Überhaupt haben sich die Männer und Frauen der Wache zu Experten im Freischneiden aus misslichen Lagen entwickelt. Auf dem Flur hängt ein entsprechendes Schild mit der Aufschrift „Die Herren der Ringe“, samt Runen aus dem Fantasy-Zyklus von J.R.R. Tolkien, Ringen und ein paar Handschellen.

„Die Leute ketten sich fest und finden dann die Schlüssel nicht mehr“, erklärt ein Mitglied der Wache die Schellen. Seinen Namen möchte der Helfer nicht verraten. Wer in der Zeitung landet, muss den Kollegen Stückchen vom Bäcker ausgeben. Die Sossenheimer rücken auch aus, wenn Ringe irgendwo festsitzen.

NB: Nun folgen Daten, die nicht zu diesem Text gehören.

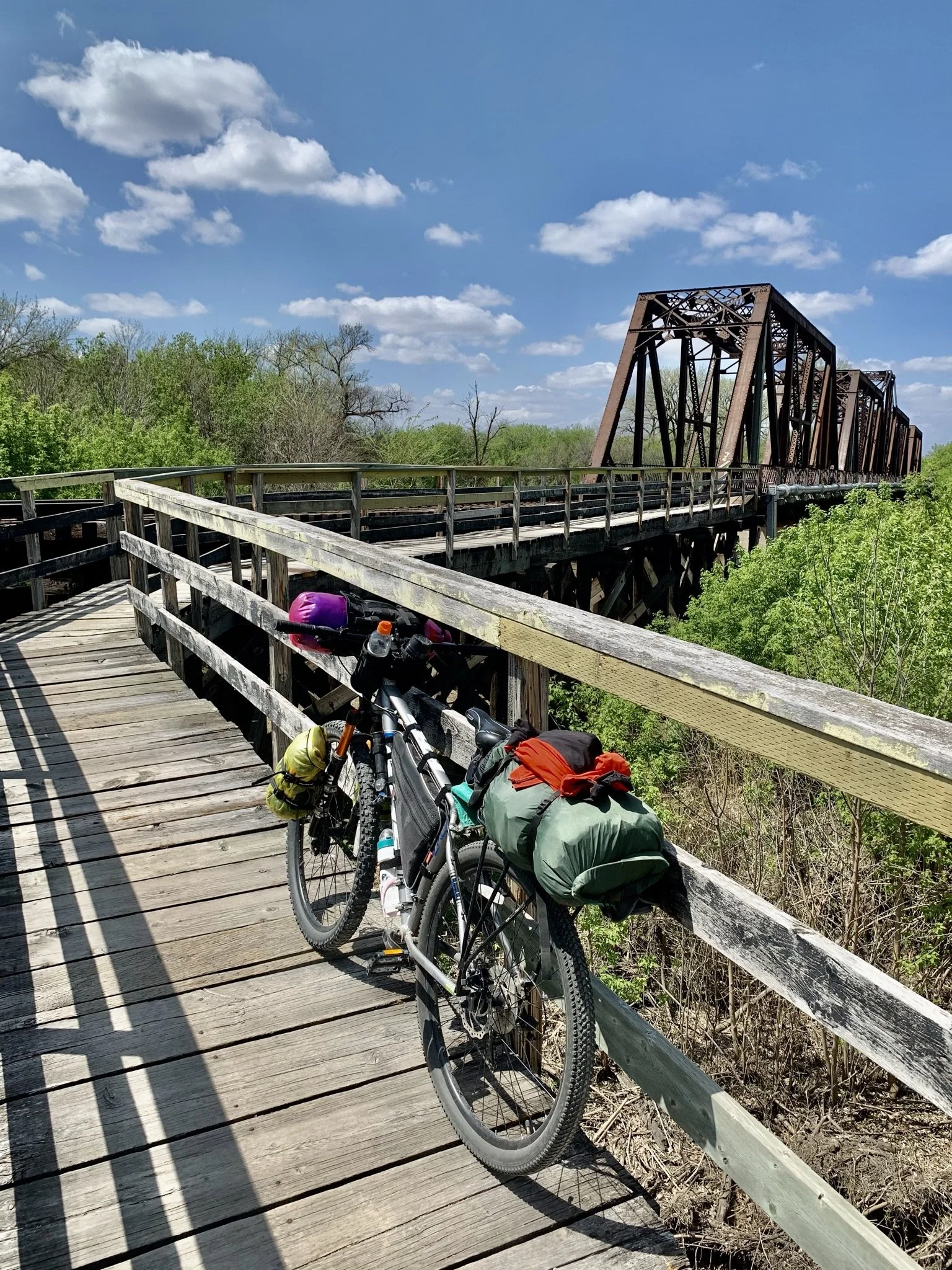 Crossing the Red River on the side of the rail bridge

Das hat einst ganz harmlos begonnen, erinnert sich der Gesprächspartner. Eine alte Dame hatte ihren Goldring nicht mehr vom Finger bekommen.

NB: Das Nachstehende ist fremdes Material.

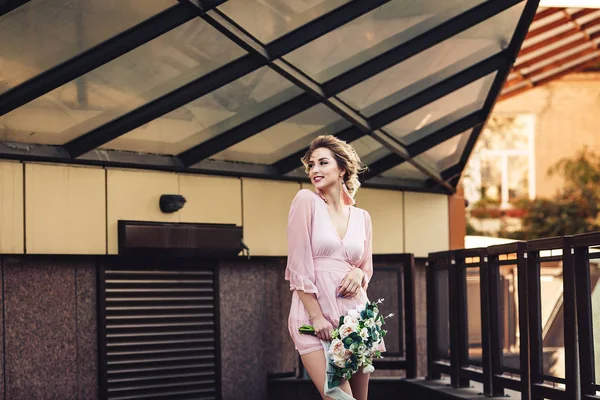 Jovem atraente em um vestido curto com um buquê de flores posando na rua perto da parede do edifício . — Fotografia de Stock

„Wir sind mit Trennschleifer angerückt“, einem Schneidegerät für ganz feine Schnitte, etwa im Modellbau. Ein Erfolg. Die Einsätze sind dann immer delikater geworden. Inzwischen fordert auch die Uniklinik die Experten aus Sossenheim an, wenn es gilt, Ringe aus dem Intimbereich von Männern zu entfernen, die nicht mehr abgehen.

Der Kollege grinst. Es gibt eben immer etwas zu tun. 13 Männer und Frauen bilden eine Wache (wochenends nur zwölf). Eine Schicht dauert 24 Stunden, dann haben die Wehrleute 48 Stunden frei. Die 24 Stunden gehen schnell rum. Sie sind angefüllt mit Geräte prüfen, Wartungsarbeiten, Reparaturen, Verwaltungsaufgaben, Übungen.

Sport gehört auch zum Tagesablauf. Wehrleute müssen fit sein. Alleine schon, um die berühmte Stange runter zu rutschen. Die gibt es tatsächlich. Der Weg zu den Wagen ist schneller gerutscht als gelaufen. Eine Treppe im Sprint zu bewältigen wäre auch viel unfallträchtiger, erklärt einer. Am Fuß der Stange gibt es eine gefederte Plattform, die den Rutsch abbremst.

Und zwischendrin unterbrechen die Alarme den Alltag. Dann gilt es, auszurücken und Leben zu retten.